**Requirement:**
Starting with the line in which "Welcome to a" appears, give back every line exactly as written until the listing ends, excluding pictures.

**Information provided:**
□ □ □ □

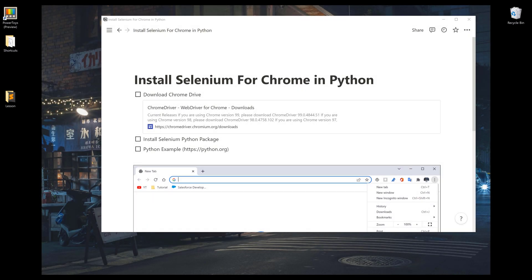In this tutorial, I'll walk you through how to install Selenium with Chrome driver for Python development. I'll show you three things: how to download the Chrome driver, how to install the Selenium Python package, and I'll also cover an example on how to automate a Chrome browser using Python and Selenium.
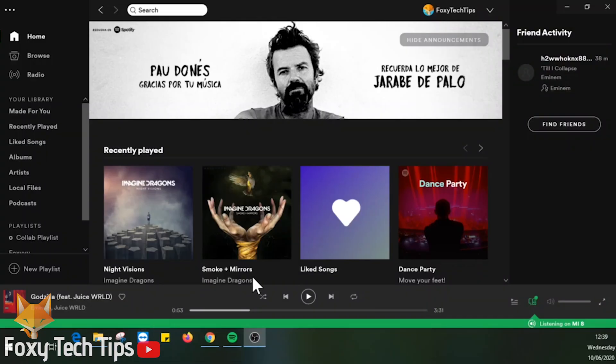Welcome to a Foxy Tech Tips tutorial on signing out of Spotify on devices that your account is connected to. I'll show you how it's done both on PC and mobile.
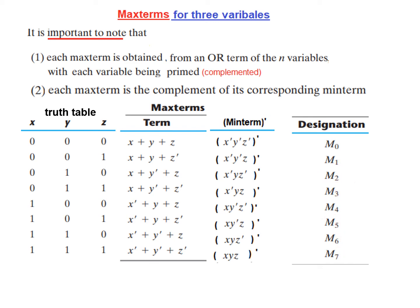When we are not given the table and are given only these values and we try to find their designation, it is slightly difficult. I will explain a shortcut in the subsequent video.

□ □ □ □

**Written answer:**
Welcome to a Foxy Tech Tips tutorial on signing out of Spotify on devices that your account is connected to. I'll show you how it's done both on PC and mobile.
When we are not given the table and are given only these values and we try to find their designation, it is slightly difficult. I will explain a shortcut in the subsequent video.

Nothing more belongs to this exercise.